==== DATA EXTRACT ====

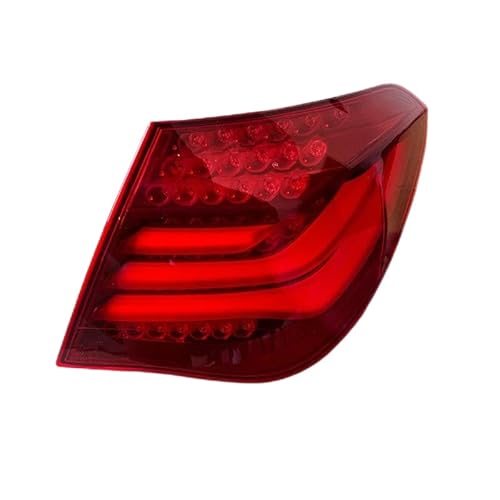 CSRBOOMEE Auto-Rücklicht für BMW 7 Series F01 F02 730 740 750 2013-2015, Stoßfester Auto-Rücklicht-Ersatz,Right Outer von CSRBOOMEE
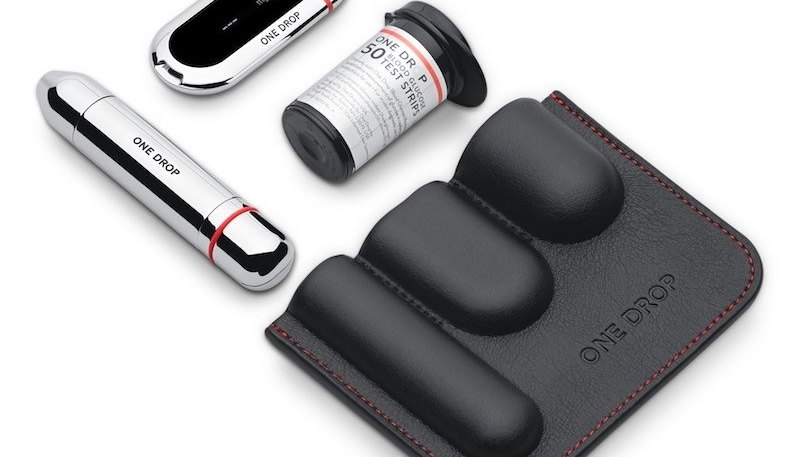 One Drop Blood Glucose Monitor Now Available at Select Apple Stores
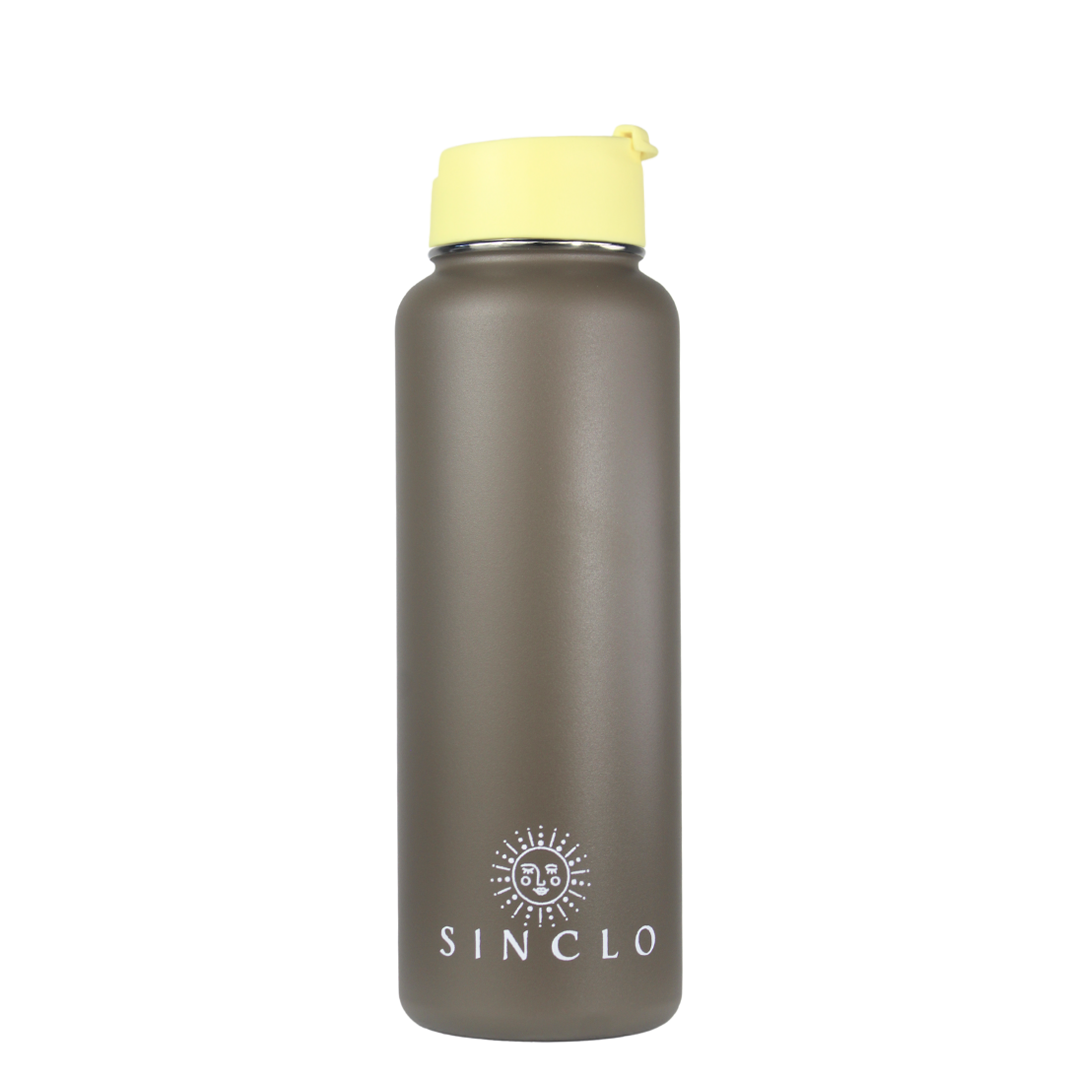 The Sammy 1.15L Water Bottle (Brown)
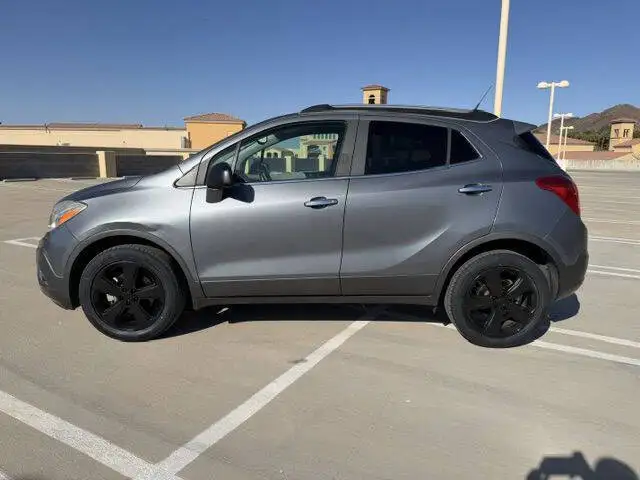 2013 Buick Encore Leather AWD's photo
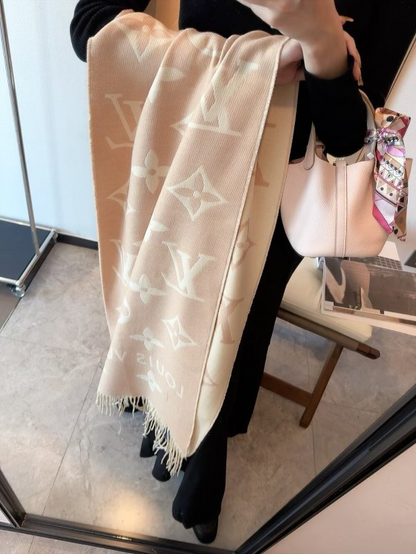 XLC20 Cashmere blend 45-186CM Scarf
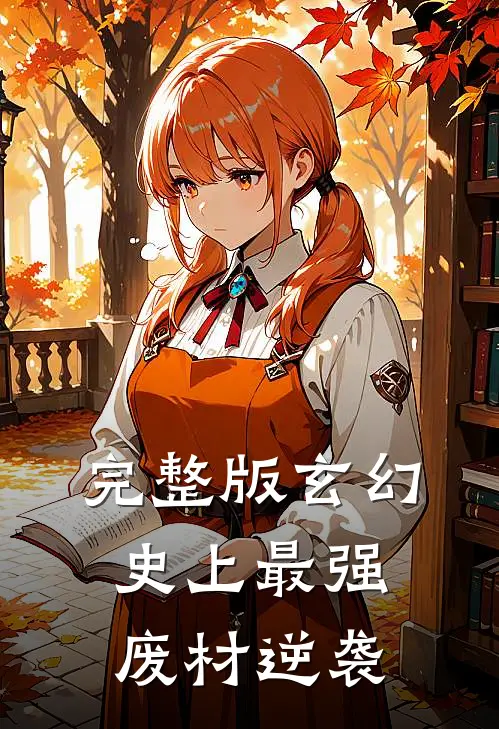 完整版玄幻：史上最强废材逆袭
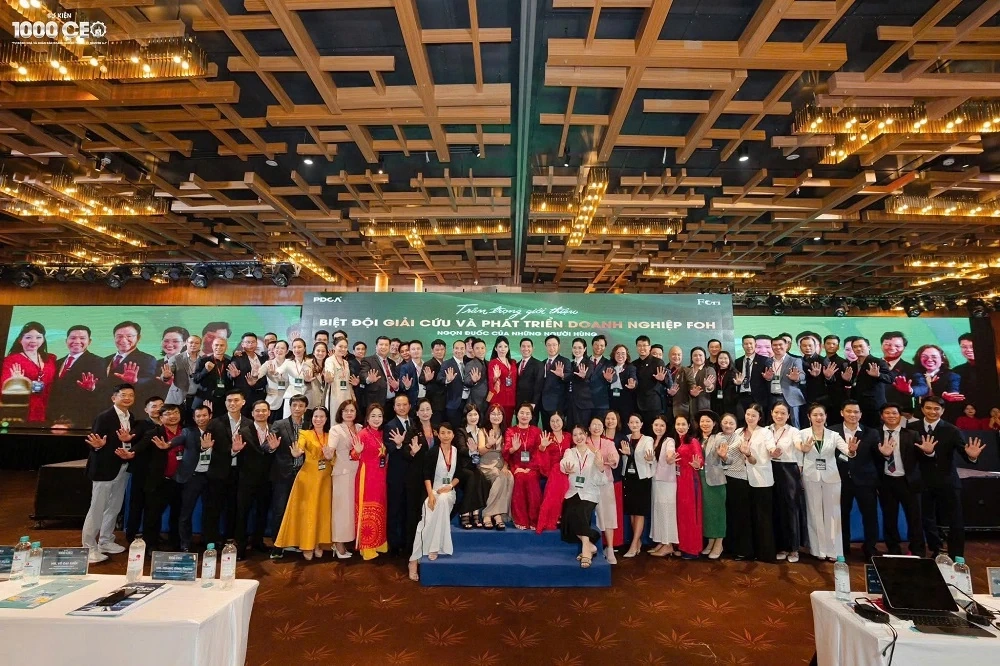 CEO Lê Viết Dương – Hành trình trở về vì một khát vọng lớn!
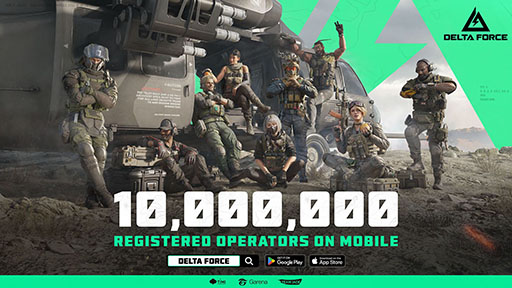 ꡼ No.001Υͥ / ޥۥץǡDelta ForceפΥץ쥤䡼ۿ41000ͤˡǰ٥ȡ֥ǥ륿ޤĤפⳫŷ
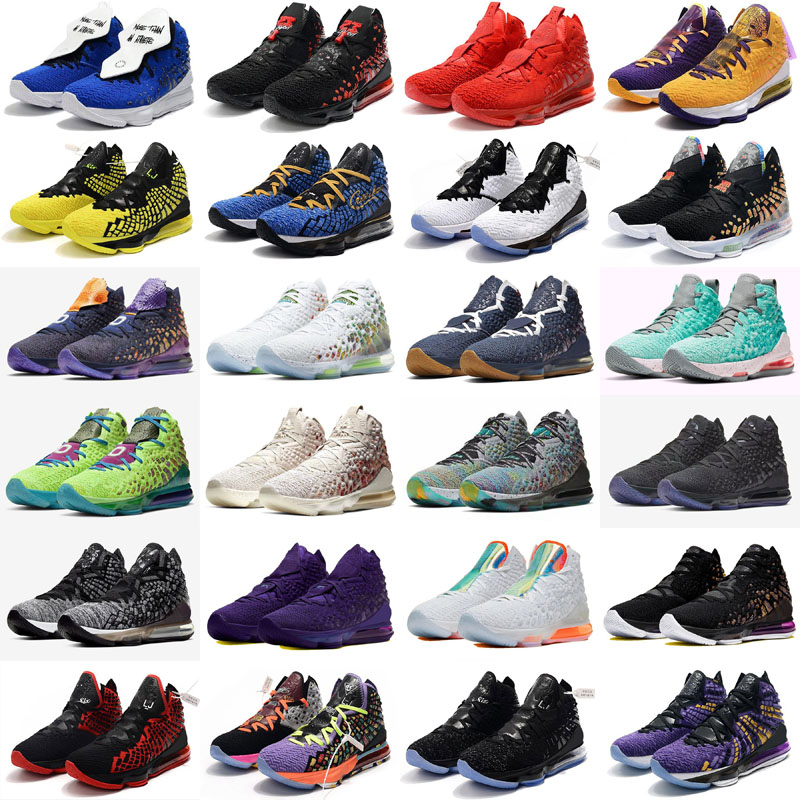 

2020 New High Quality Ashes Ghost XVII 17 Basketball Outdoor Shoes Arrival Sneakers 17s Mens 17s King sports shoes, As photo 19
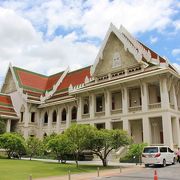 タイの名門大学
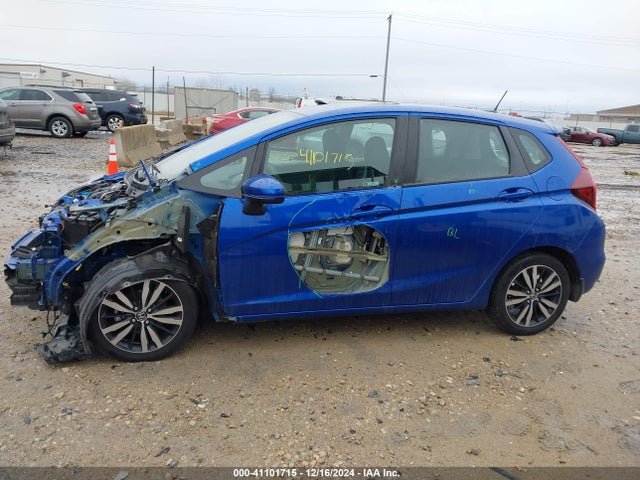 Honda FIT EX 2019 3HGGK5H85KM739057 Image 15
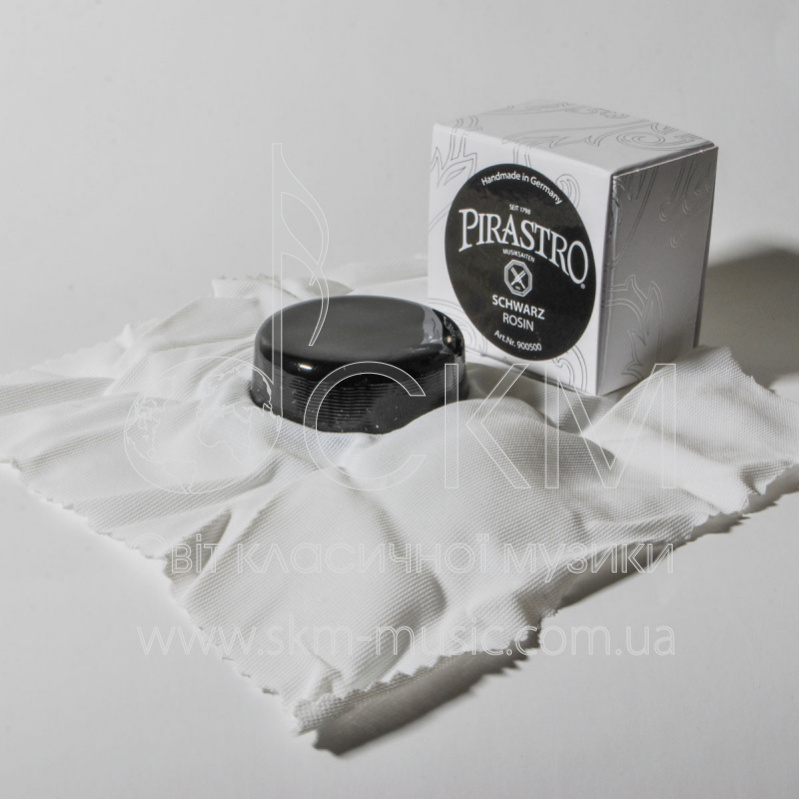 Pirastro hot sale schwarz rosin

====

When copying the records, reproduce every entry exactly and omit all pictures.

WRITTEN SOLUTION
 CSRBOOMEE Auto-Rücklicht für BMW 7 Series F01 F02 730 740 750 2013-2015, Stoßfester Auto-Rücklicht-Ersatz,Right Outer von CSRBOOMEE
 One Drop Blood Glucose Monitor Now Available at Select Apple Stores
 The Sammy 1.15L Water Bottle (Brown)
 2013 Buick Encore Leather AWD's photo
 XLC20 Cashmere blend 45-186CM Scarf
 完整版玄幻：史上最强废材逆袭
 CEO Lê Viết Dương – Hành trình trở về vì một khát vọng lớn!
 ꡼ No.001Υͥ / ޥۥץǡDelta ForceפΥץ쥤䡼ۿ41000ͤˡǰ٥ȡ֥ǥ륿ޤĤפⳫŷ

2020 New High Quality Ashes Ghost XVII 17 Basketball Outdoor Shoes Arrival Sneakers 17s Mens 17s King sports shoes, As photo 19
 タイの名門大学
 Honda FIT EX 2019 3HGGK5H85KM739057 Image 15
 Pirastro hot sale schwarz rosin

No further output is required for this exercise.